1.1 Probability and frequency
In classical (frequentist) parametric statistic, we treat observations \(\boldsymbol{Y}\) as realizations of a distribution whose parameters \(\boldsymbol{\theta}\) are unknown. All of the information about parameters is encoded by the likelihood function.
The interpretation of probability in the classical statistic is in terms of long run frequency, which is why we term this approach frequentist statistic. Think of a fair die: when we state that values \(\{1, \ldots, 6\}\) are equiprobable, we mean that repeatedly tossing the die should result, in large sample, in each outcome being realized roughly \(1/6\) of the time (the symmetry of the object also implies that each facet should be equally likely to lie face up). This interpretation also carries over to confidence intervals: a \((1-\alpha)\) confidence interval either contains the true parameter value or it doesn’t, so the probability level \((1-\alpha)\) is only the long-run proportion of intervals created by the procedure that should contain the true fixed value, not the probability that a single interval contains the true value. This is counter-intuitive to most.

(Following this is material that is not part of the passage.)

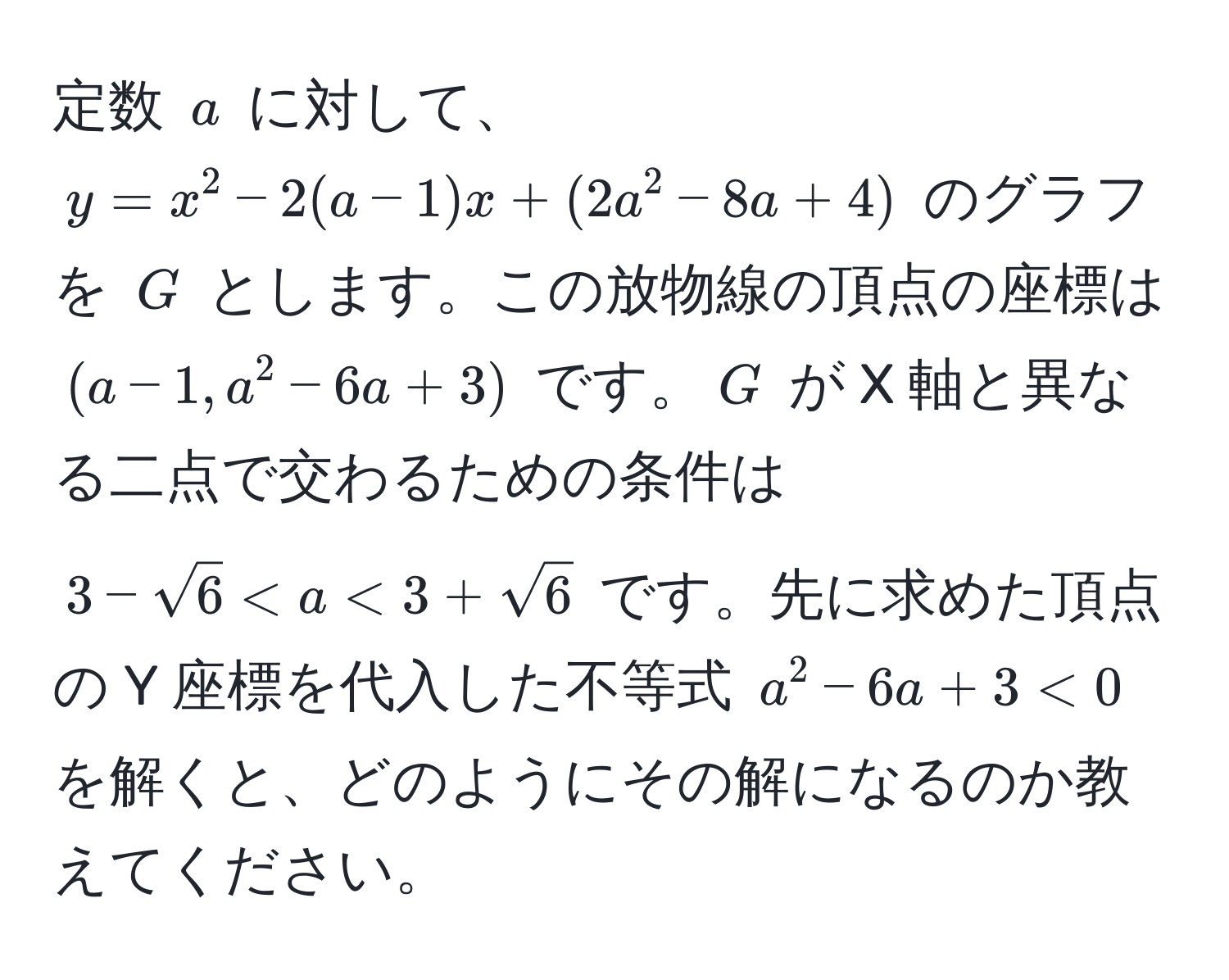 定数 ( a ) に対して、 ( y = x^(2 - 2(a - 1)x + (2a^2 - 8a + 4) ) のグラフを ( G ) とします。この放物線の頂点の座標は ( (a - 1, a^2 - 6a + 3) ) です。( G ) が X 軸と異なる二点で交わるための条件は ( 3 - sqrt(6) < a < 3 + sqrt6) ) です。先に求めた頂点の Y 座標を代入した不等式 ( a^2 - 6a + 3 < 0 ) を解くと、どのようにその解になるのか教えてください。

In practice, the true value of the parameter \(\boldsymbol{\theta}\) vector is unknown to the practitioner, thus uncertain: Bayesians would argue that we should treat the latter as a random quantity rather than a fixed constant. Since different people may have different knowledge about these potential values, the prior knowledge is a form of subjective probability. For example, if you play cards, one person may have recorded the previous cards that were played, whereas other may not. They thus assign different probability of certain cards being played. In Bayesian inference, we consider \(\boldsymbol{\theta}\) as random variables to reflect our lack of knowledge about potential values taken. Italian scientist Bruno de Finetti, who is famous for the claim ``Probability does not exist’’, stated in the preface of Finetti (1974):
Probabilistic reasoning — always to be understood as subjective — merely stems from our being uncertain about something. It makes no difference whether the uncertainty relates to an unforseeable future, or to an unnoticed past, or to a past doubtfully reported or forgotten: it may even relate to something more or less knowable (by means of a computation, a logical deduction, etc.) but for which we are not willing or able tho make the effort; and so on […] The only relevant thing is uncertainty — the extent of our knowledge and ignorance. The actual fact of whether or not the events considered are in some sense determined, or known by other people, and so on, is of no consequence.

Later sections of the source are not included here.